[Start of Attachment]
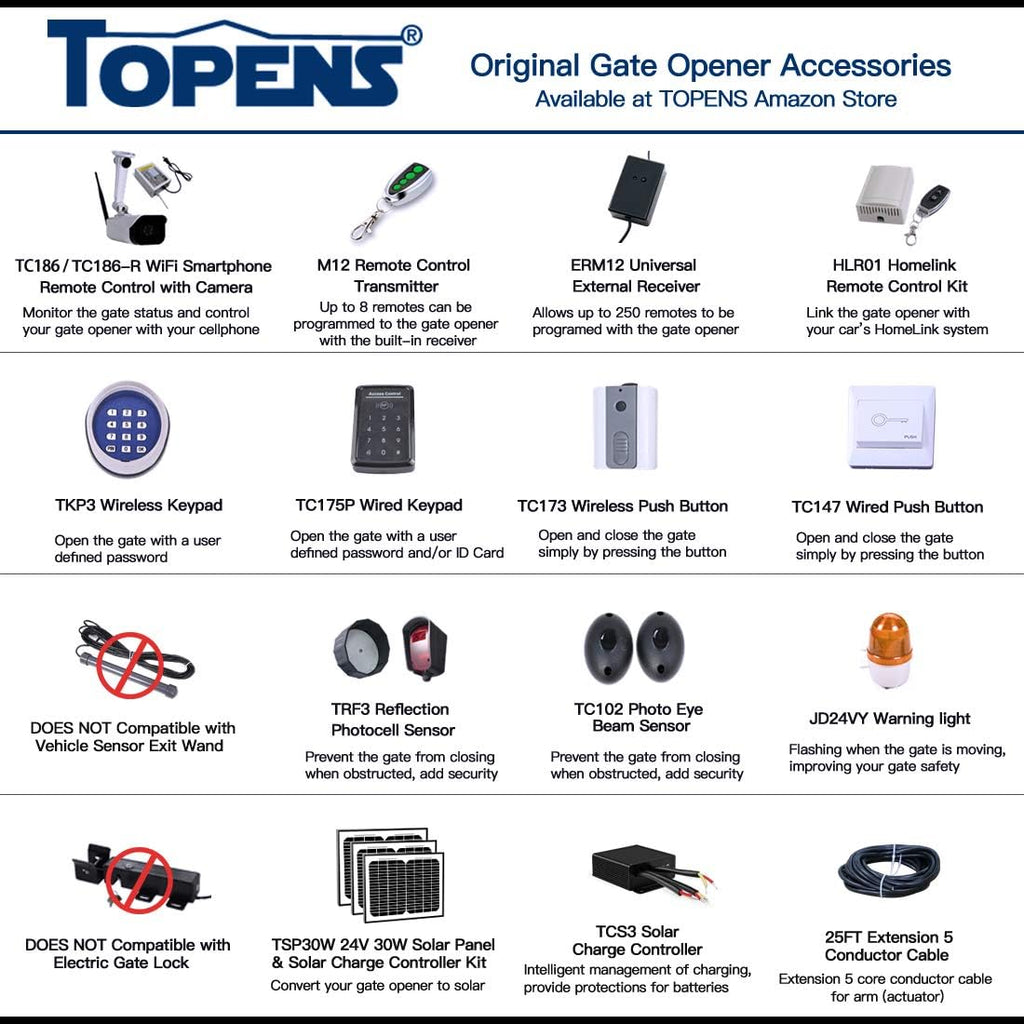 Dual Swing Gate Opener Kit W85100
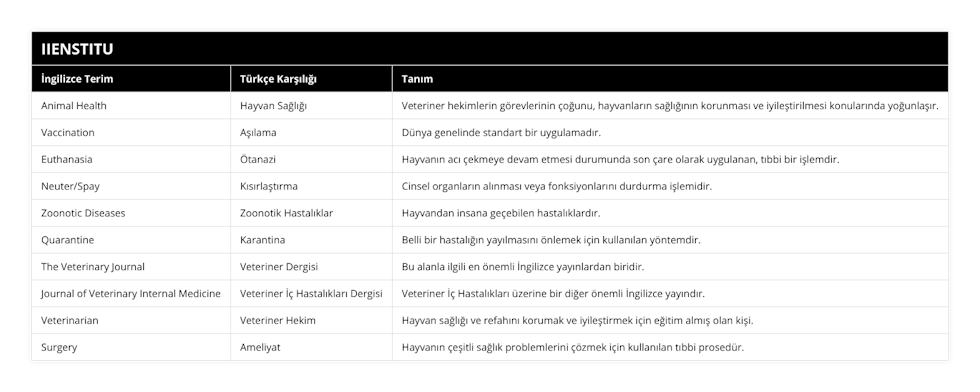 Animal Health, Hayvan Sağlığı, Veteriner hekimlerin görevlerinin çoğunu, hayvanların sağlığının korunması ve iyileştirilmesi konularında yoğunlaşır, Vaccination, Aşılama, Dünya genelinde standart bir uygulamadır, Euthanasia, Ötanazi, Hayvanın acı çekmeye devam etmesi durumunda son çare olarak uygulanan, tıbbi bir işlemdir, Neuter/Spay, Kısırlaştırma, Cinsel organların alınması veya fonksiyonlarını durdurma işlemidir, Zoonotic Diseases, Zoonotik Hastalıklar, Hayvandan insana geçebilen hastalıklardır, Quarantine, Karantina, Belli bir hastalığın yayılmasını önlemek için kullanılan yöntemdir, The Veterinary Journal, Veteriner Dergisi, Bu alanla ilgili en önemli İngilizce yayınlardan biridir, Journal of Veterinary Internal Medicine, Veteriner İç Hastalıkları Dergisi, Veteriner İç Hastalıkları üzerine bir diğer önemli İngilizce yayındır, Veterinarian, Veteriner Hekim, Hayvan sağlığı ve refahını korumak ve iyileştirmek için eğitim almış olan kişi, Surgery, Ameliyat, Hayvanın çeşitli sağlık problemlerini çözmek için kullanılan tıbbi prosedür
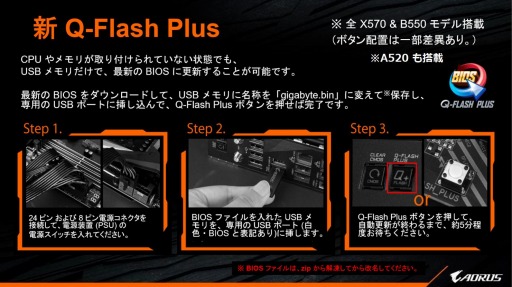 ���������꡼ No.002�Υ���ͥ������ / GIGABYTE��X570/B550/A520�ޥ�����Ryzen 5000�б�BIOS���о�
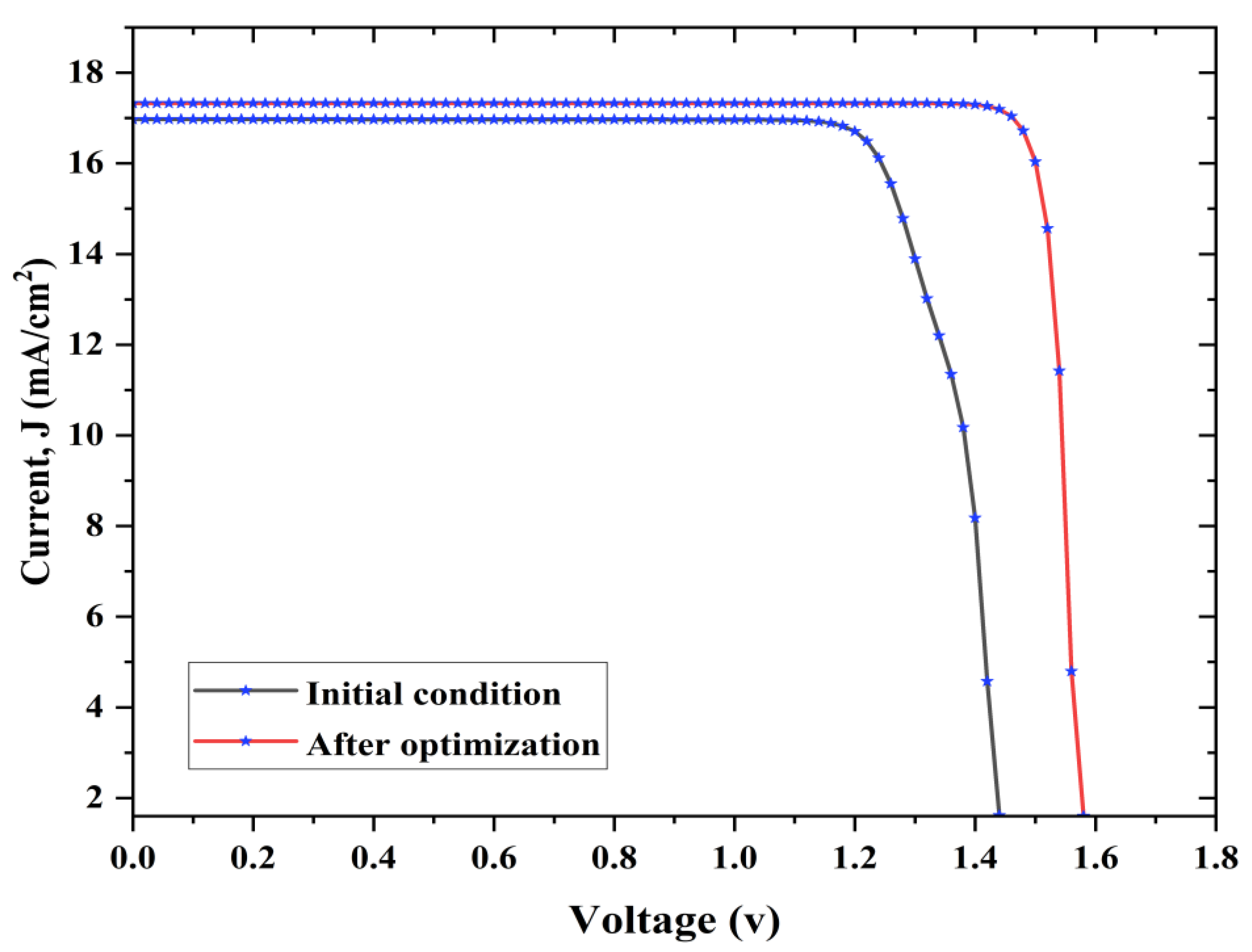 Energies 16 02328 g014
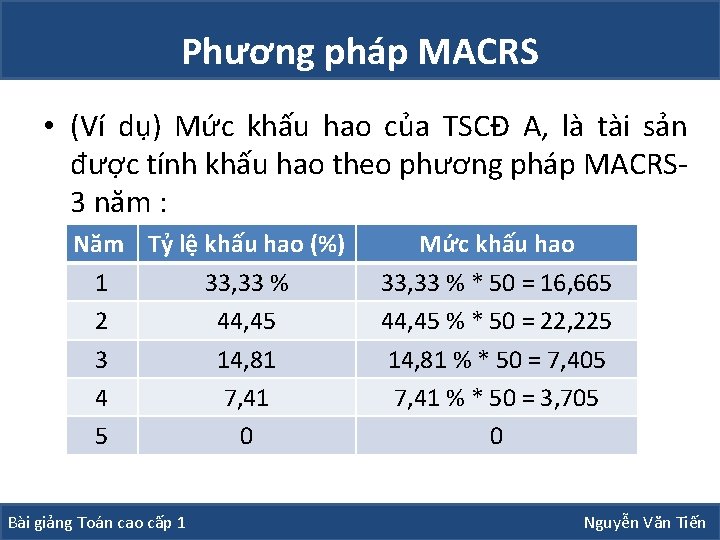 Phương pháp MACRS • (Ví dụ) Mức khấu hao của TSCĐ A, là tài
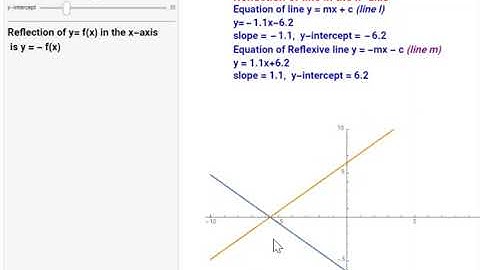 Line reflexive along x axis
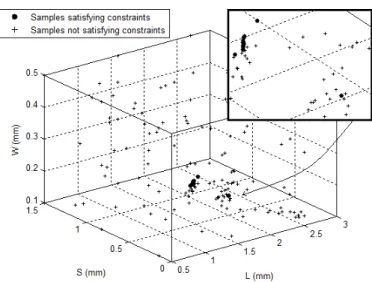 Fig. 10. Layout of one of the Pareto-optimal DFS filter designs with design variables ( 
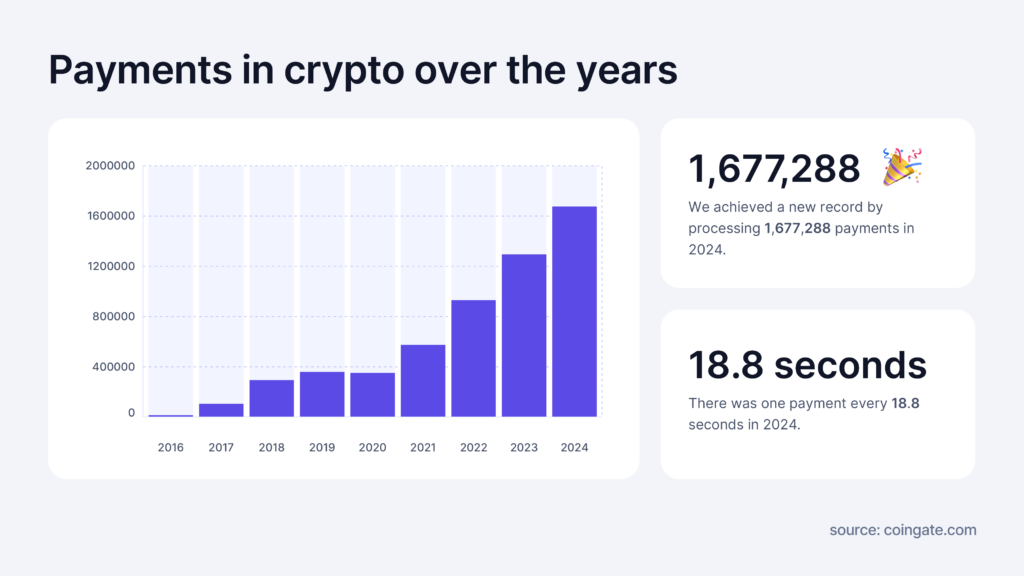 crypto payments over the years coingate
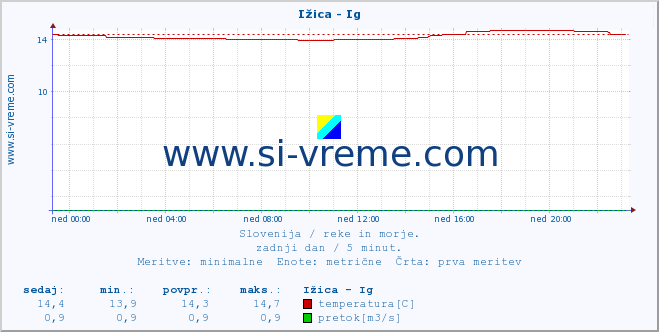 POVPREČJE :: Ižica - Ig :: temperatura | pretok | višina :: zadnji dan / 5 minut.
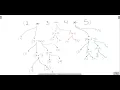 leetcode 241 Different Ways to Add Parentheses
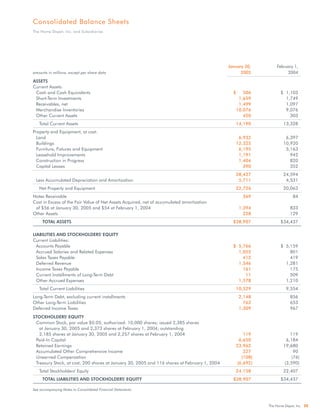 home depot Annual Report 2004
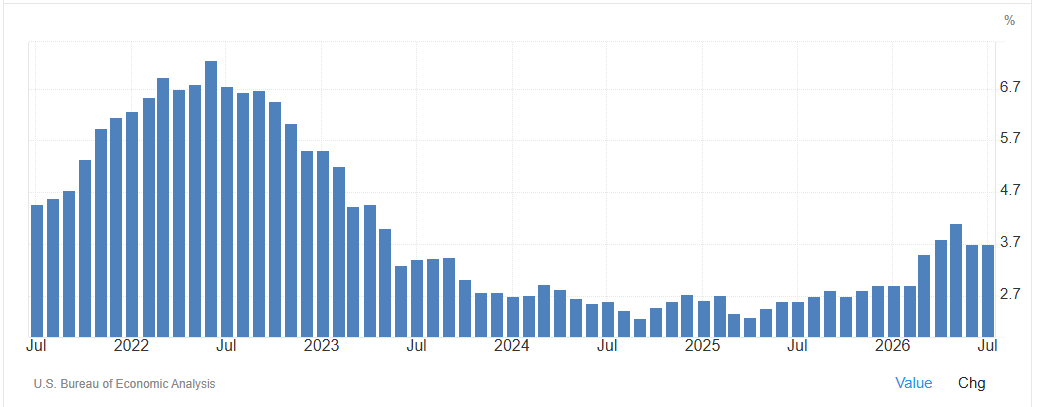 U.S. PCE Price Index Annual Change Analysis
[End of Attachment]
*TRY IT*:
Everything from the line with "home depot Annual Report 2004" through the last line above should be reproduced exactly, both ends included; pictures must be omitted.

*ANSWER BELOW*:
 home depot Annual Report 2004
 U.S. PCE Price Index Annual Change Analysis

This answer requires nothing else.